Your OpenClaw agent wakes up fresh every session. You correct it, it apologizes, and next time it makes the same mistake. If you've been through this loop enough times, you've probably tried MEMORY.md or some other file-based workaround. Those work until they don't.
memoclaw-mcp gives your agent actual memory through MCP tools. Store facts, recall them semantically, and stop repeating yourself. This walkthrough covers the install, the OpenClaw config, and a concrete example where the agent remembers a correction you made yesterday.
What MCP does here
If you're running MCP servers with OpenClaw already, you know the pattern: install a server, add it to your config, and your agent gets new tools. memoclaw-mcp adds four:
-
memoclaw_store— save a memory with importance and tags -
memoclaw_recall— semantic search across everything stored -
memoclaw_list— browse stored memories -
memoclaw_delete— remove a memory by ID
No skill install, no SDK code. Your agent calls these like any other MCP tool.
Install
npm install -g memoclaw-mcp
Confirm it's there:
memoclaw-mcp --help
You need Node.js 18+ and an Ethereum wallet. MemoClaw uses wallet-based identity instead of API keys. Your wallet address is your account. No registration.
Wire it into OpenClaw
Edit your OpenClaw MCP config (usually ~/.openclaw/mcp.json or wherever your setup points):
{
"mcpServers": {
"memoclaw": {
"command": "memoclaw-mcp",
"args": ["--private-key", "0xYOUR_PRIVATE_KEY"]
}
}
}
That's the minimum. Your agent now has persistent semantic memory.

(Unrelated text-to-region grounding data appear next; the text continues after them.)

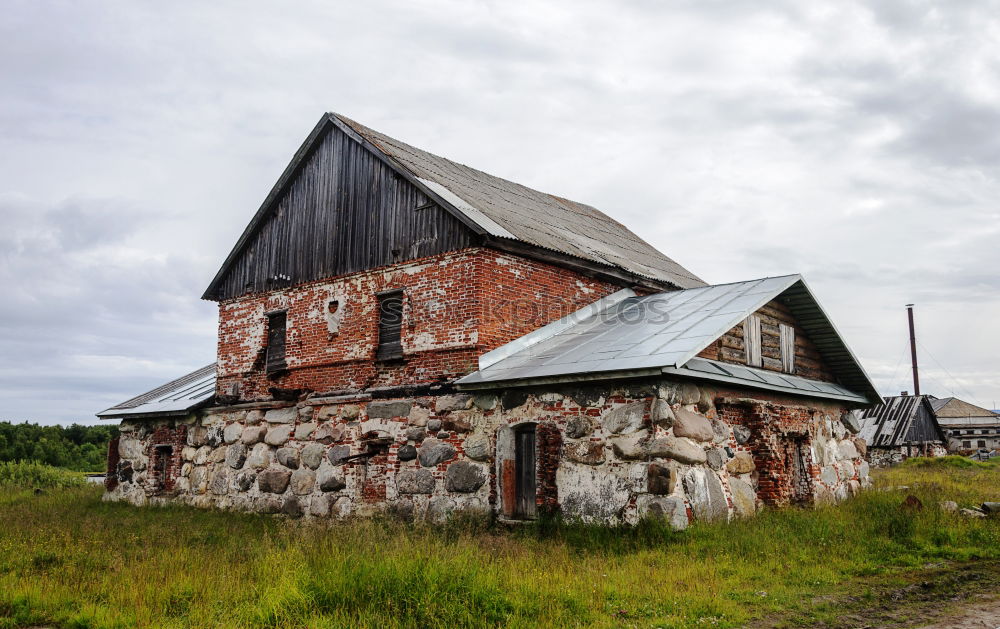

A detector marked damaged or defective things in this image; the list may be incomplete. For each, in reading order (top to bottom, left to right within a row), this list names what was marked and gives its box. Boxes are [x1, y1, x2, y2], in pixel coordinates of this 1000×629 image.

broken window frame [264, 310, 288, 372]
broken window frame [376, 288, 402, 360]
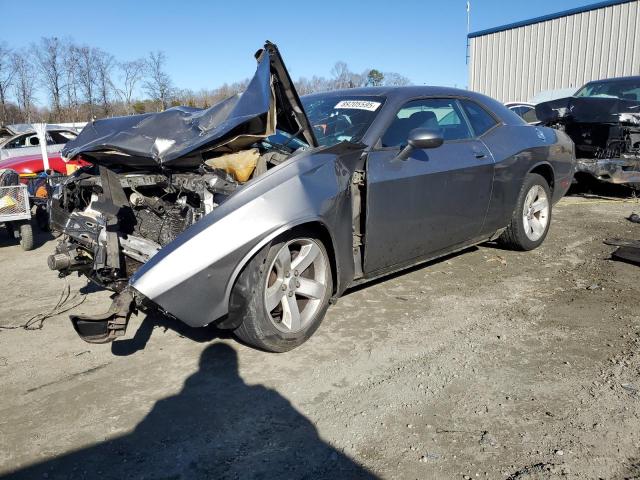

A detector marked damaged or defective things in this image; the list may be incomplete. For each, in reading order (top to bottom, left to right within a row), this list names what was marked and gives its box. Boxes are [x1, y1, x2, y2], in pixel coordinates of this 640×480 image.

damaged front end [49, 41, 318, 342]
torn sheet metal [61, 41, 316, 171]
crumpled hood [62, 41, 318, 170]
wrecked gray car [48, 41, 576, 352]
wrecked gray car [536, 75, 640, 188]
damaged front end [536, 90, 640, 188]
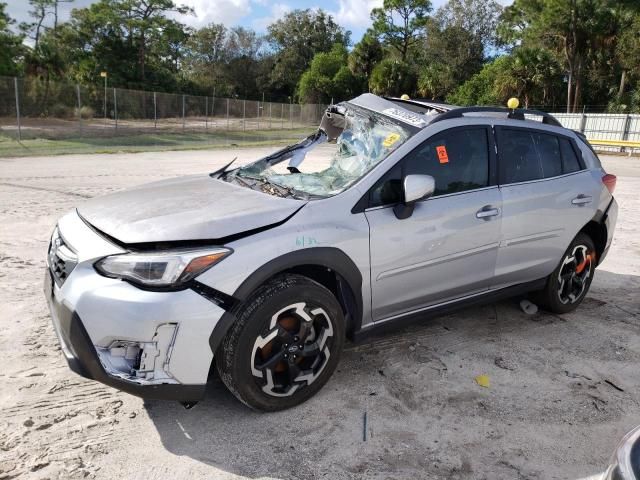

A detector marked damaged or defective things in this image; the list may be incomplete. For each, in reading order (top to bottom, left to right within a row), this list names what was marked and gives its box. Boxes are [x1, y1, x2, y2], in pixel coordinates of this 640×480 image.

shattered windshield [224, 107, 410, 199]
damaged car [43, 94, 616, 412]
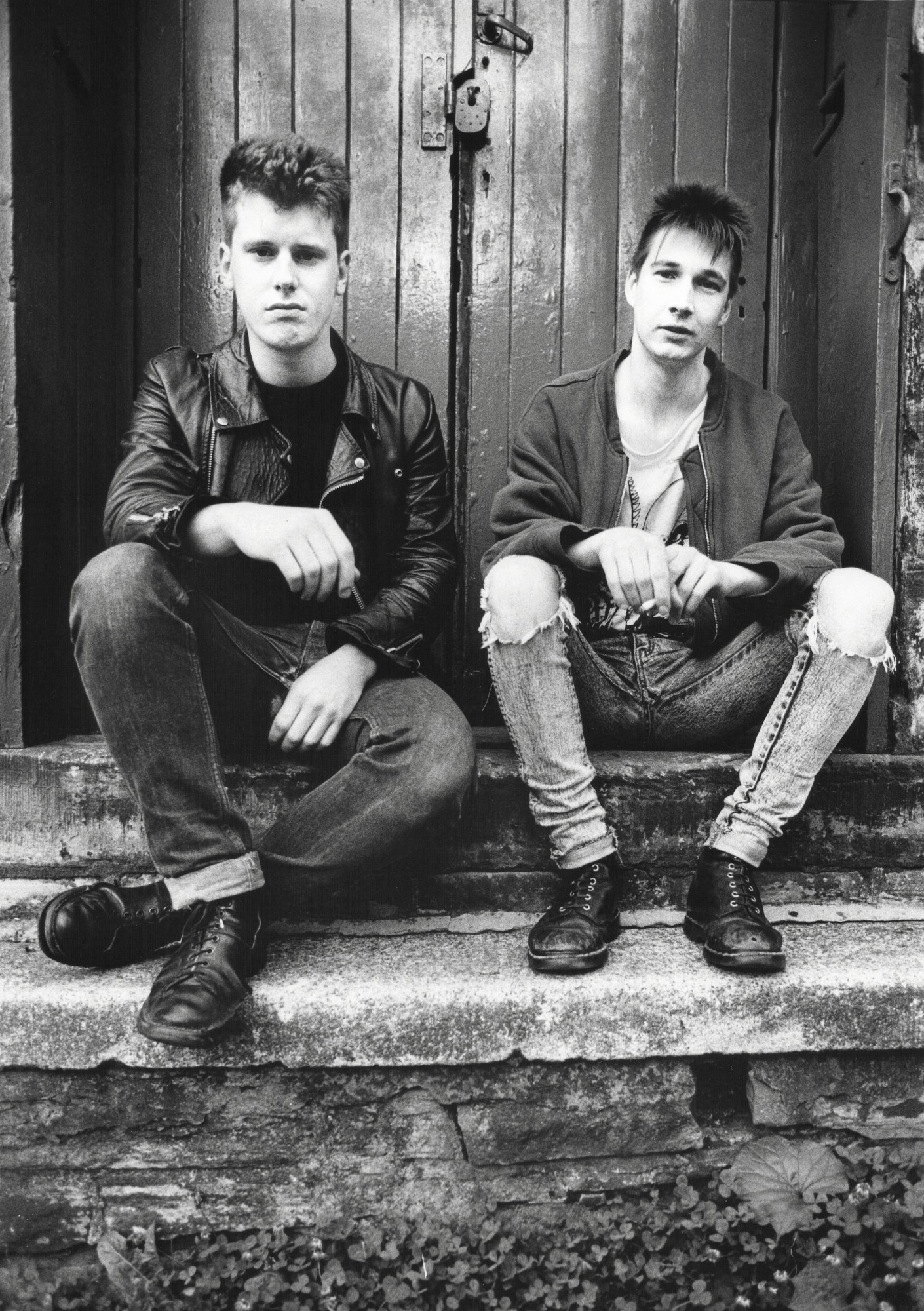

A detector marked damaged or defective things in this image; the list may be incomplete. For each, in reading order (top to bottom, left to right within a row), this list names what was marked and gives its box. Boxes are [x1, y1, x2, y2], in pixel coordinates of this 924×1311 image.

cracked concrete step [1, 734, 923, 897]
cracked concrete step [5, 918, 923, 1070]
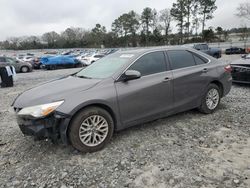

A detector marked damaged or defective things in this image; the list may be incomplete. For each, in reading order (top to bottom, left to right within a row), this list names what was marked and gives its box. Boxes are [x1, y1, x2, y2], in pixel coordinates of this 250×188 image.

damaged front bumper [15, 111, 71, 144]
broken bumper cover [16, 112, 71, 145]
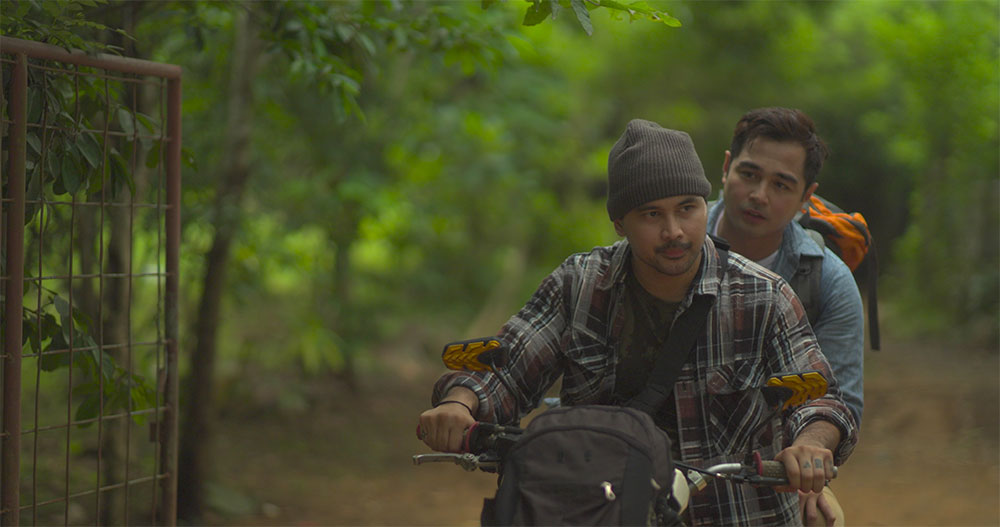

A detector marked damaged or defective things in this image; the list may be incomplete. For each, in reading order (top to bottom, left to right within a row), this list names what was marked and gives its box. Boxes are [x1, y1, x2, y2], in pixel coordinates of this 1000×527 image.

rusty metal gate [1, 35, 181, 524]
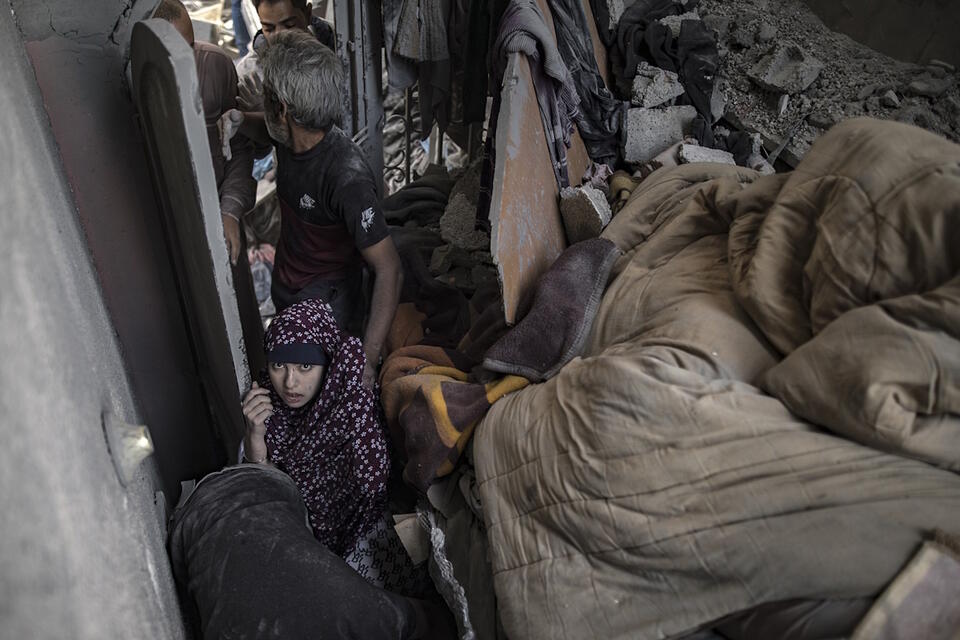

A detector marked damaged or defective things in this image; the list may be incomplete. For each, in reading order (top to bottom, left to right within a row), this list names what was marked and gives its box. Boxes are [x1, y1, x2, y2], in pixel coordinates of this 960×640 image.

torn cloth strip [496, 0, 576, 186]
torn cloth strip [548, 0, 624, 164]
broken concrete wall [804, 0, 960, 68]
broken concrete wall [0, 6, 186, 640]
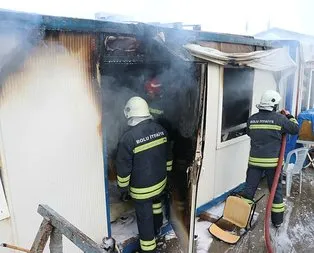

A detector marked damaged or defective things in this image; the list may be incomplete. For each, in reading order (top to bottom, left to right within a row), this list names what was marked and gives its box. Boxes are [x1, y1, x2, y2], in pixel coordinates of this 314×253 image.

charred doorframe [217, 64, 254, 148]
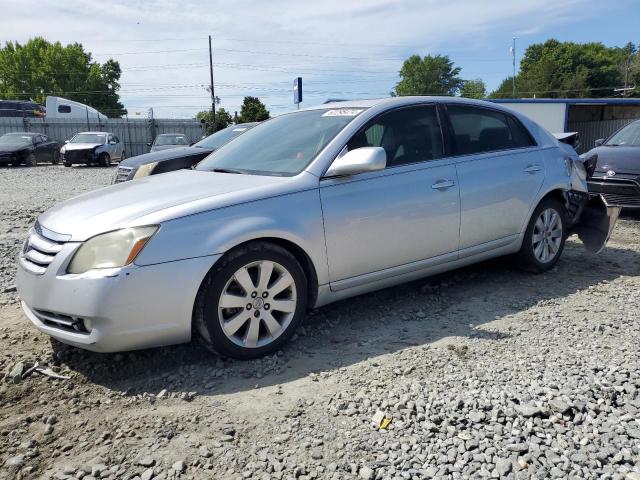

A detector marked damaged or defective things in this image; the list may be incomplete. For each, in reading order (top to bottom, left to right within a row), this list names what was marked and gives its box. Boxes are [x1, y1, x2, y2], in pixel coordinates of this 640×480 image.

wrecked vehicle [60, 132, 125, 168]
wrecked vehicle [584, 119, 636, 208]
wrecked vehicle [16, 97, 620, 358]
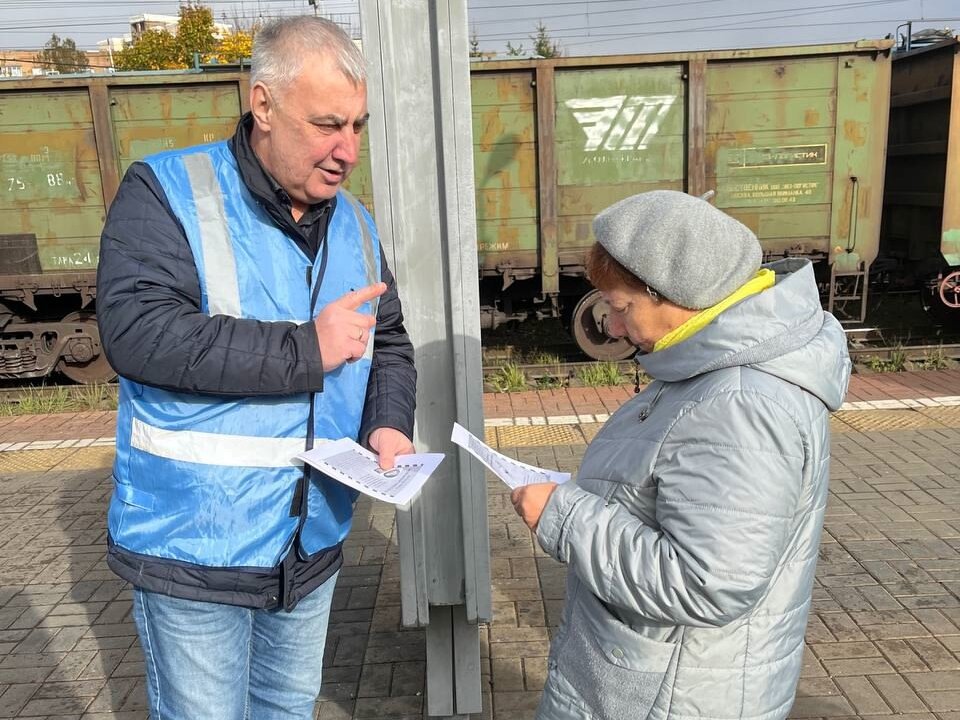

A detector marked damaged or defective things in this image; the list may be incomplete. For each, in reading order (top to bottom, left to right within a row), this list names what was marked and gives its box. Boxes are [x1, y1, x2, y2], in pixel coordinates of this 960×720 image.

If you're working across multiple projects and want memories isolated:
{
"mcpServers": {
"memoclaw": {
"command": "memoclaw-mcp",
"args": [
"--private-key", "0xYOUR_PRIVATE_KEY",
"--namespace", "my-project"
]
}
}
}
Memories in my-project won't bleed into other namespaces. You can also pass namespace per-call if you'd rather run a single server.
The correction problem
Here's why this matters in practice. Say you ask your agent to write a deployment script, and it uses docker-compose. You correct it: "We switched to Podman last month. Always use podman-compose."
Without memory, that correction lives only in the current session's context window. Tomorrow, the agent writes docker-compose again. You correct it again. And again. And again.
With memoclaw-mcp configured, the flow changes.
Session 1: You correct the agent
You: "Stop using docker-compose. We migrated to Podman. Use podman-compose for all container orchestration."
Your agent, with memoclaw tools available, stores this:
{
"content": "Team migrated from Docker to Podman. Always use podman-compose, never docker-compose.",
"importance": 0.95,
"tags": ["corrections", "tooling", "containers"]
}
High importance because it's a correction. The agent knows corrections matter more than casual preferences.
Session 2: The agent actually remembers
Next day. Fresh session. You ask: "Write me a deployment script for the staging environment."
Before generating anything, the agent calls memoclaw_recall with something like "deployment containers orchestration". It gets back:
{
"memories": [
{
"content": "Team migrated from Docker to Podman. Always use podman-compose, never docker-compose.",
"importance": 0.95,
"similarity": 0.87
}
]
}
The script uses podman-compose. No correction needed. The agent remembered because the memory survived outside the session.
What makes this different from MEMORY.md
MEMORY.md loads everything on every session start. 200 lines of preferences, corrections, project context, and random notes all hit the context window whether they're relevant or not.
memoclaw_recall is a semantic search. When the agent needs deployment context, it searches for deployment context. Your pizza topping preferences don't get loaded. The agent pulls what it needs, when it needs it, and the similarity score tells it how relevant each memory actually is.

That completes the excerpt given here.